The Comics Code & the War on Comics?

In the early 1950s, a wave of hysteria raced through America. Comic books, according to the psychiatrist Fredric Wertham, were turning kids into monsters. The media, as reactionary then as it is today, demanded a Congressional investigation to (what else?) protect the children. Faced with government regulation, the comics industry created the Comics Code, which essentially ended horror comics and led to hundreds of people losing their jobs.

Today the War on Comics seems ridiculous. I wonder what future generations will think about the modern wars on obesity, drugs, etc.  Here’s more on the Comics Code and the War on Comics from The Christian Science Monitor:

In his 1953 novel “Fahrenheit 451,” named after the temperature at which paper catches on fire, Ray Bradbury painted a picture of a society beset by book-burning. In his vision, the censors didn’t bother to throw comic books on the pyre because they just weren’t worth worrying about.
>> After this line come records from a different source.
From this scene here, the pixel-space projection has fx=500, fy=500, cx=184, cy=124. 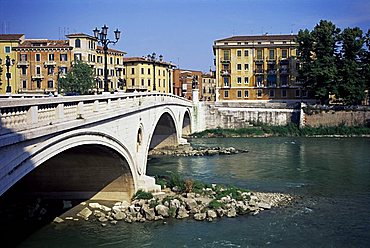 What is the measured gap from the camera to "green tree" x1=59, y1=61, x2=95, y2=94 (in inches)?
1564

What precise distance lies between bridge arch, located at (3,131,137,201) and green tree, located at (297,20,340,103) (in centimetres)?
2965

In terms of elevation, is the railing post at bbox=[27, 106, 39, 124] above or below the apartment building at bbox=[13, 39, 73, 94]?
below

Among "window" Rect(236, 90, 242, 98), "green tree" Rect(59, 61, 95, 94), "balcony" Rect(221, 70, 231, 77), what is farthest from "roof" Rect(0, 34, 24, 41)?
"window" Rect(236, 90, 242, 98)

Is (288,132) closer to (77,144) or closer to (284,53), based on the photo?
(284,53)

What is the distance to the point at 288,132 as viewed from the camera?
46594 mm

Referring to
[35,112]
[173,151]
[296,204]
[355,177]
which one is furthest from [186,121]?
[35,112]

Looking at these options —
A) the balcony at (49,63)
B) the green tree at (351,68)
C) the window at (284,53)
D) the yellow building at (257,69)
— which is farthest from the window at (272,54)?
the balcony at (49,63)

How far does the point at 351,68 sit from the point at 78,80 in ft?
77.5

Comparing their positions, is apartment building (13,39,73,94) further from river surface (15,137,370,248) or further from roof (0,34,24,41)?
river surface (15,137,370,248)

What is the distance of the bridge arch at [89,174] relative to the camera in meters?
17.0

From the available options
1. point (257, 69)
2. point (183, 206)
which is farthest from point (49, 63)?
point (183, 206)

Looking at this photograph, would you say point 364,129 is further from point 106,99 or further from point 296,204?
point 106,99

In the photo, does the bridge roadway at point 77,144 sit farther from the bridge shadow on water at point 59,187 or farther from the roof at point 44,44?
the roof at point 44,44

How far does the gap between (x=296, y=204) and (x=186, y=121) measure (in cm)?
2726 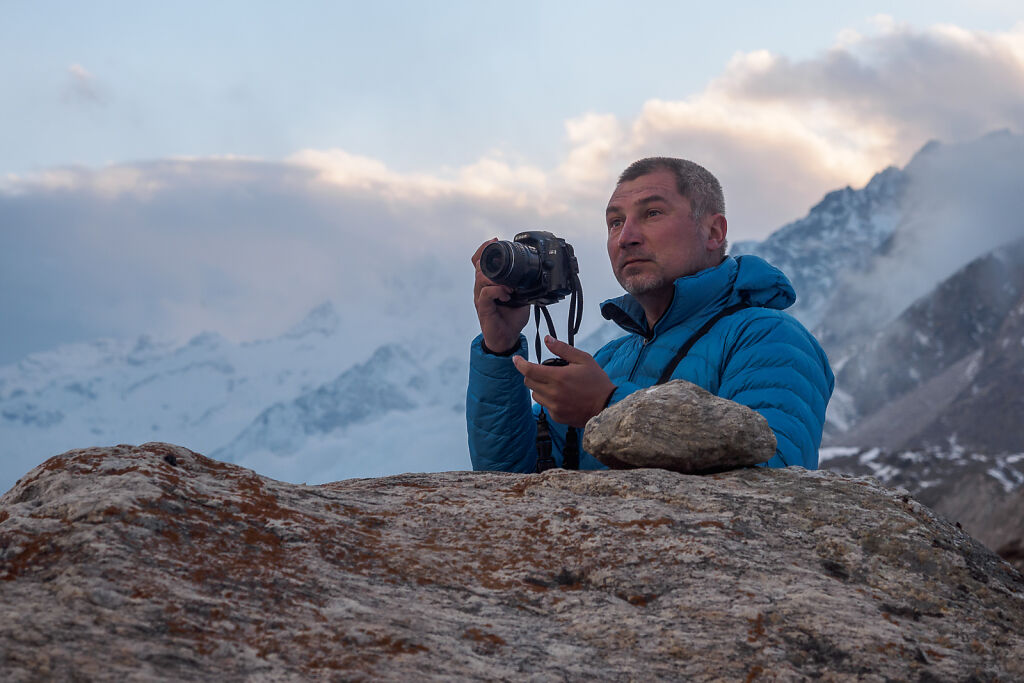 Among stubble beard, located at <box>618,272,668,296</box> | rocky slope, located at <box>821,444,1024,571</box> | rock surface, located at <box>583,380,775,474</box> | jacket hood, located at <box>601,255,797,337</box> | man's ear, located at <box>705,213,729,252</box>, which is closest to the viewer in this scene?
rock surface, located at <box>583,380,775,474</box>

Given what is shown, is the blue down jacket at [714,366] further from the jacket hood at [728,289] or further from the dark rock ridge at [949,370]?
the dark rock ridge at [949,370]

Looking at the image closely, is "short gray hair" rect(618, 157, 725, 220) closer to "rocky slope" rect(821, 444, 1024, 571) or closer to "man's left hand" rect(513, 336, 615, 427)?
"man's left hand" rect(513, 336, 615, 427)

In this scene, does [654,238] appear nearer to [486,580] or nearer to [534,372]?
[534,372]

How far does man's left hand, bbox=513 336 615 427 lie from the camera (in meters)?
4.37

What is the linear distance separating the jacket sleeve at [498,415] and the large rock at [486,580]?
43.3 inches

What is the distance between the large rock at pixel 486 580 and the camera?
280 cm

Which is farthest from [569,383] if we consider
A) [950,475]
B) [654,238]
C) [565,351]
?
[950,475]

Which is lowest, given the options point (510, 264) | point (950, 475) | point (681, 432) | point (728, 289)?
point (681, 432)

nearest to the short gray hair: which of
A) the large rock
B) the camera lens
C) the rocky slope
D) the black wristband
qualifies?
the camera lens

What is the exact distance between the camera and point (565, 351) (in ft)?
14.3

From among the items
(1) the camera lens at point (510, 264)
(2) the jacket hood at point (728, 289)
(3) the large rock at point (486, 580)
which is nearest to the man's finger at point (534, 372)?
(3) the large rock at point (486, 580)

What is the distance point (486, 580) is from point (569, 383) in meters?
1.26

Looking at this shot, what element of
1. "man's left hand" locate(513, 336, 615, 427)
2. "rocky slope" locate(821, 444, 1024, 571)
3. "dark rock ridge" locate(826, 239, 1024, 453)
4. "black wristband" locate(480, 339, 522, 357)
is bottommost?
"man's left hand" locate(513, 336, 615, 427)

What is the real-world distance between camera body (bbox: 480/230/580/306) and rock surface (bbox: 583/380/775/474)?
98cm
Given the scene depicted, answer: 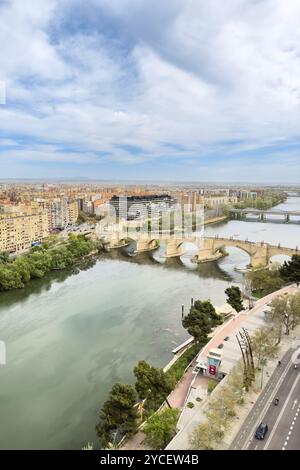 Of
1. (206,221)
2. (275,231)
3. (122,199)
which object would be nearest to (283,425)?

Not so in mid-century America. For more than a decade, countless parents and teenagers made bonfires of comic books, reducing everyone from Captain Marvel to Archie to ashes.

It wasn’t so much Superman & Co. that drove the book-burnings, although even the Man of Steel had his critics. Instead, psychiatrists, politicians, and editorial writers feared the most extreme comic books – filled with crooks, monsters, and voluptuous women – would drive innocent children into the clutches of juvenile delinquency.